Our officers use a simple formula to calculate the clinic’s needs but they need to know what has been sent to the facility in the first place. Consequently and most commonly, clinics that receive private donations have very good stocks of a few items and terrible availability of everything else — we see it all the time. The nurses become confused about ordering, whilst the provincial pharmacy officer is undermined and has no idea how much to send, as the real quantities aren’t being reflected in the clinic order sheets.
What’s worse is if a clinic receives drugs that might be quite common elsewhere but unavailable in the recipient country — we don’t stock, for example, Cephalexin, Amlodipine or Perindopril which are all very commonly used in Australia. If these arrive unsolicited in a clinic, at best they go unused and must be destroyed by burial or burning; without high-temperature incinerators (almost non-existent here), environmental contamination is inevitable.
Sorting drug donations, following Gizo Tsunami, 2007
I remember a departing tourist coming in, in 2009, with a box of random drugs. A cursory glance told us that the drugs were expired, you could see some of them were open and there were many we didn’t use.
‘Could we’, he wondered, ‘send them to a clinic he’d visited the previous month which didn’t have ‘any’ drugs’?
I knew the clinic — I knew it well. We’d been stressing about it because we hadn’t been able to send anything there for six months; shipping services to the province had been suspended and air freight was way beyond our budget.
We had an entire order at the warehouse — dozens of boxes of life-saving, in-date medicine — ready to send down but we had no way of getting them there. ‘Could we send his donation? No. We couldn’t.’
‘What we really need is money,’ I told him. ‘If you’re willing to pay for some air freight, we can send down emergency items from our warehouse to tide them over. But we will incinerate this box’.
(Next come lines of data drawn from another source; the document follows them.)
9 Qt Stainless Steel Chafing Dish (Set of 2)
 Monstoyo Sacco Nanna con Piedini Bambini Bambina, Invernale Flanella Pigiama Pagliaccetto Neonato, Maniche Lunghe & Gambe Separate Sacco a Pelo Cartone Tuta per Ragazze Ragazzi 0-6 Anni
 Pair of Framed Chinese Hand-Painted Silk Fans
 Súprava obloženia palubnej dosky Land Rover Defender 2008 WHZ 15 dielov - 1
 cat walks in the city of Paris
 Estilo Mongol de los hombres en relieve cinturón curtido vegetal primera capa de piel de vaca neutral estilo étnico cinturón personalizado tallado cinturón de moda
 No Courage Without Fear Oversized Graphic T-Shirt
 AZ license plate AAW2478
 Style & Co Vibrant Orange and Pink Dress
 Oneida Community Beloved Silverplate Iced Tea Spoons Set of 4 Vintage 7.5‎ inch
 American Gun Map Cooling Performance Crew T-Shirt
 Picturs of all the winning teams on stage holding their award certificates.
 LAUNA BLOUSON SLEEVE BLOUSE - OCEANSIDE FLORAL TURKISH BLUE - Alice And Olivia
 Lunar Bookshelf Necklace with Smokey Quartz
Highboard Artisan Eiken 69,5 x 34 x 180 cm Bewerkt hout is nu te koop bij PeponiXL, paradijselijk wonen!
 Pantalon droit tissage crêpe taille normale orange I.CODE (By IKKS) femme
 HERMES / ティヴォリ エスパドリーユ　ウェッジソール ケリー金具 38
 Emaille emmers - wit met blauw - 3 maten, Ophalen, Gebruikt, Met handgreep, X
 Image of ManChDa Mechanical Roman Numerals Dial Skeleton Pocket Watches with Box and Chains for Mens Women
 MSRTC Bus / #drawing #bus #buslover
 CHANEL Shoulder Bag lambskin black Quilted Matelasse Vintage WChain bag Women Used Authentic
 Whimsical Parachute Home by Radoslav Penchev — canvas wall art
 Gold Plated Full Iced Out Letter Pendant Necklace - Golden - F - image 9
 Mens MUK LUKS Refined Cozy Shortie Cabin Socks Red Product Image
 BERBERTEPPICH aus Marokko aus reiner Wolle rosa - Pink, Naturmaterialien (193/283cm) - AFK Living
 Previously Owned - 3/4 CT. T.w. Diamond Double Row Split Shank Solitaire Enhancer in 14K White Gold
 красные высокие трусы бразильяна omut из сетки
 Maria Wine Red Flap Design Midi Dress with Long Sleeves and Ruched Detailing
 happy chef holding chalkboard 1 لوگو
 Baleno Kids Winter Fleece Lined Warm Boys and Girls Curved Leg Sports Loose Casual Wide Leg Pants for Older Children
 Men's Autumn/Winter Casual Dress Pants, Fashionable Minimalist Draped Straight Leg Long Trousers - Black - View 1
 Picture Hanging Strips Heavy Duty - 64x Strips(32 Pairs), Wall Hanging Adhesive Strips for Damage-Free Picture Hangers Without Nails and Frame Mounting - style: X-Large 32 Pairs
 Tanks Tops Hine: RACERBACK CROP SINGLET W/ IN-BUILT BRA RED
His face was stricken — not with concern but with anger; I was a total arsehole, I didn’t know what I was talking about and ‘had I ever even been to the clinic?’ I had actually — one of 310 that we look after.
You see, what we generally need is not what people think. We need logistics, we need training, we need resources, we need desks, we need uniforms, we Needa Da Money! We have a warehouse FULL of drugs and we’re working really hard to keep it that way. What we need is to get them to clinics, systematically train nurses how to use them and build a system that makes all of that sustainable. One box of expired drugs doesn’t solve our problems. 100 boxes of in-date drugs doesn’t solve them either.
Even in acute disasters, private donations simply aren’t necessary.
In a WHO study of 4 post-disaster/conflict countries, it was found ‘in most instances, adequate drug supplies were provided during the acute phase of the disaster through the use of local buffer stocks, as well as by major donor agencies with expertise in providing immediate disaster aid of good quality’.
Remember — there ARE ways to help. The best, the most obvious, the most universal is money. Yes, it’s boring, there are so many traps… but donate to a major organisation like Red Cross and MSF or a smaller, reputable NGO in the country you’ve visited and the money will go towards helping the people who need it most, in a structured, long-term way.
The people that organise drug donations are the best. They’re kind, they’re going out of their way, they’re passionate about what they’ve seen… so in criticising them, we’re criticising really good people.
The thing is, they’re good people giving us book vouchers. We don’t need them, we’re not going to use them and getting rid of them is really hard when you’re surrounded by pristine rainforest and coral reefs. Book vouchers are thoughtless. Just ask my Mum.